Back in November, I shot a buck with a muzzleloader. The deer could have had the good grace to drop on the spot, near the top of a ravine--but no, it ran off about 70 yards and fell dead next to the brook at the bottom of the ravine. I tried to drag that deer back up out of the ravine, but it was too heavy for me and I couldn't, so I had to resort to Plan B: dragging it down the stream bed about half a mile to where a gravel rod would let me drive up with my Jeep.

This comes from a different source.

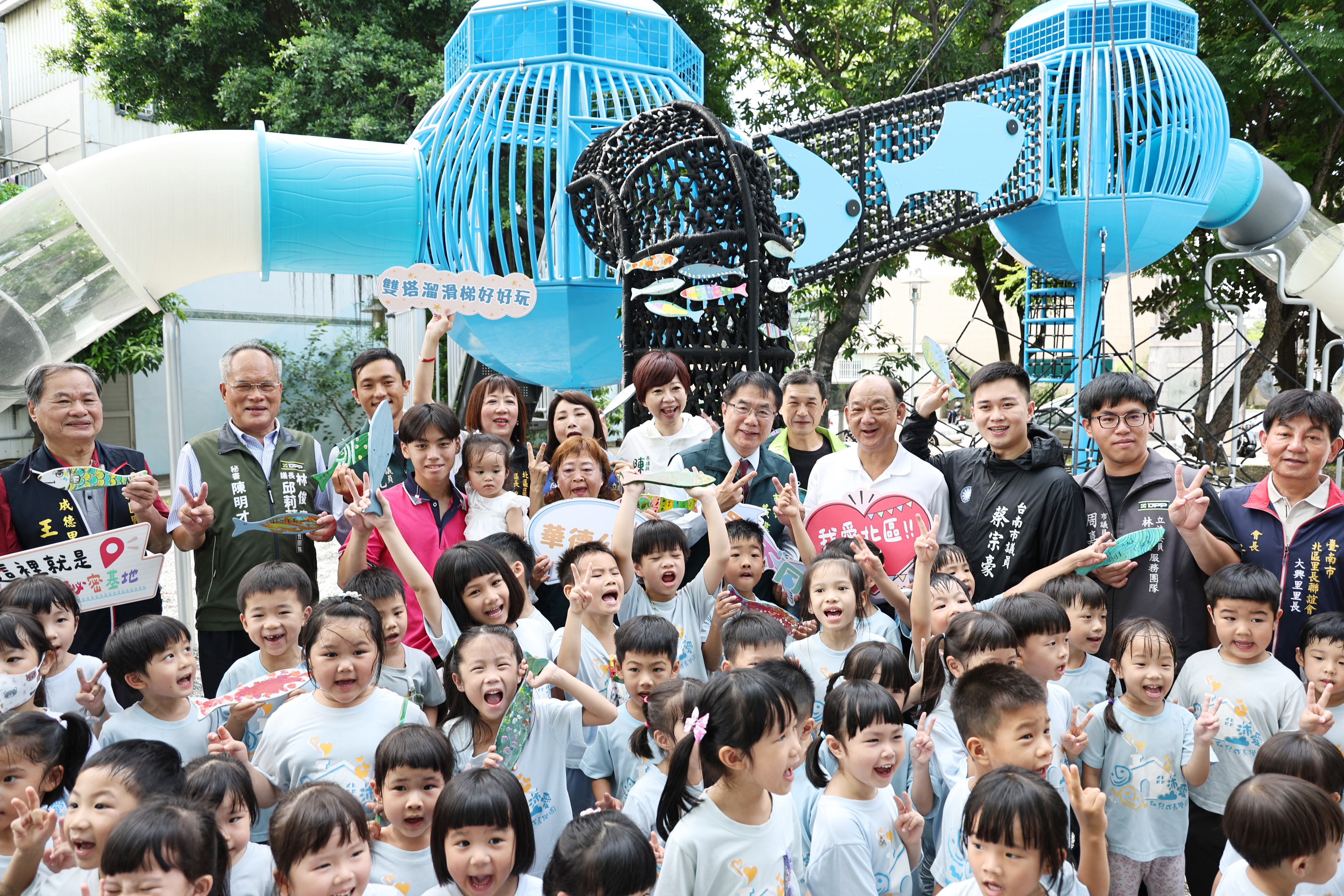 「一區一特色公園」再添亮點　黃偉哲視察北區華德公園「漁眾不同」特色遊戲場確保親子安心使用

I had left my rubber gloves in a fanny pack back at the car, and without them I didn't want to gut the deer, which would have lightened the load by a quarter or so. That means I had to drag said buck over rocks, through water, under blowdowns, and through narrow gorges where there wasn't even a stream bank. I WAS wet and TIRED and sorely tempted to gut that deer to get rid of some of that accursed weight, gloves or no gloves. If I'd been smart in the first place, I would have stashed that deer so nobody would steal it and hiked to the car and back with the gloves from the get-go. However, since I hunt in crowded NJ, I didn't want to leave that deer for a minute.
Finally, when I got close enough to the road, I hiked to the car and got my gloves and lightened that deer load. That sure helped.
After reading the story about a hunter contracting bovine TB from a deer, I'm glad I didn't give in and gut the thing without the gloves. Sometimes being prissy pays off.